Anche il discorso delle tasse si inserisce in questo contesto. I liberali non le hanno in simpatia non perché sono tendenzialmente degli evasori, come qualcuno potrebbe semplicisticamente dedurre. Essi ritengono, semplicemente, che una tassazione eccessiva possa ancor più ridurre il profitto, e comunque eliminare quella molla a lavorare e a produrre che alla fine fa la ricchezza di una nazione.
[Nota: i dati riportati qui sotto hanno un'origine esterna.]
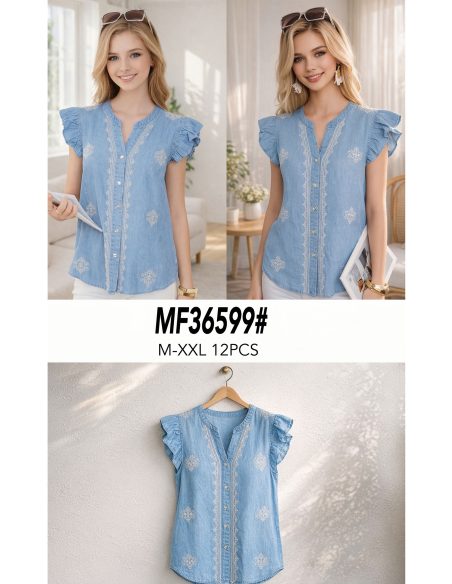 Blusa símil denim bordada botones y volantes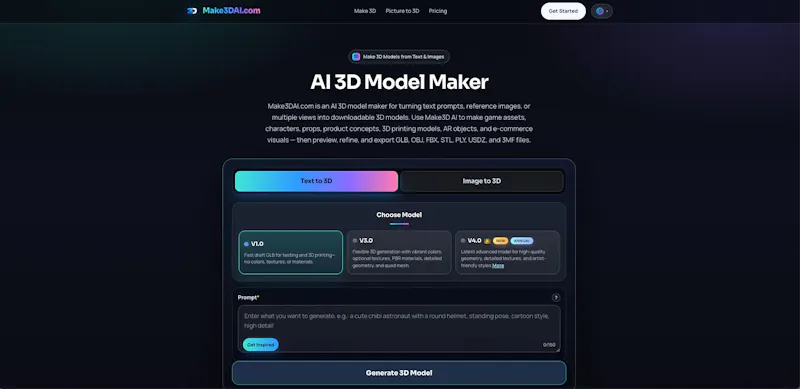 Make3DAI.com — Prompt to 3D in Seconds screenshot 1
Capisco che la mentalità liberale è controintuitiva: spostare risorse verso i poveri e verso settori particolari può sembrare, a tutta prima, la via maestra da seguire per uno Stato. Compito dei liberali in genere, e delle classi dirigenti più avvedute in particolare, sarebbe però anche quello di infondere qualche sano principio liberale nella loro azione e di saperlo comunicare.
Anche il new green deal, che pure ha a mio avviso tanti aspetti poco chiari o dubbi, può assumere un valore positivo se non viene interpretato nel senso della “decrescita felice”, ma in quello del normale processo di “distruzione creatrice” o reinvestimento che già secondo Schumpeter è proprio del capitalismo. Il quale, si può dire parafrasando Winston Churchill, non è un buon sistema economico ma gli altri possibili sono ancora peggio.